Required work:
In duplicating the lines below, keep every word unchanged and drop the pictures.

Supplied information:
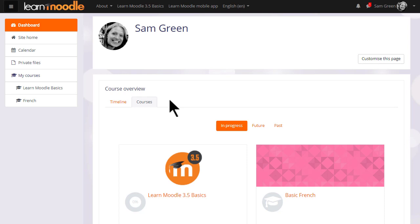Over on the left you'll see a navigation or nav drawer with useful links, for example to your site's front page or site home.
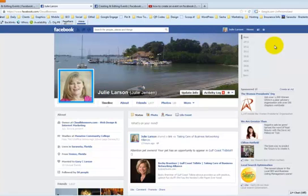Hey there, this is Julie Larson with Gladbloomers.com. In this video I'm going to show you how you can create an event using your Facebook business page — not your personal profile, but your business page.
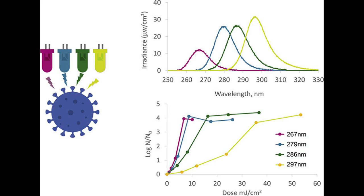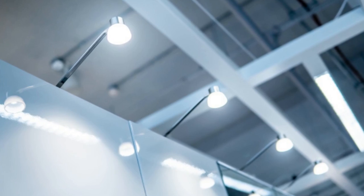This result is significant because the cost of 285 nanometer LED bulbs is much lower than that of 265 nanometer bulbs, and they're also more readily available.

Problem solution:
Over on the left you'll see a navigation or nav drawer with useful links, for example to your site's front page or site home.
Hey there, this is Julie Larson with Gladbloomers.com. In this video I'm going to show you how you can create an event using your Facebook business page — not your personal profile, but your business page.
This result is significant because the cost of 285 nanometer LED bulbs is much lower than that of 265 nanometer bulbs, and they're also more readily available.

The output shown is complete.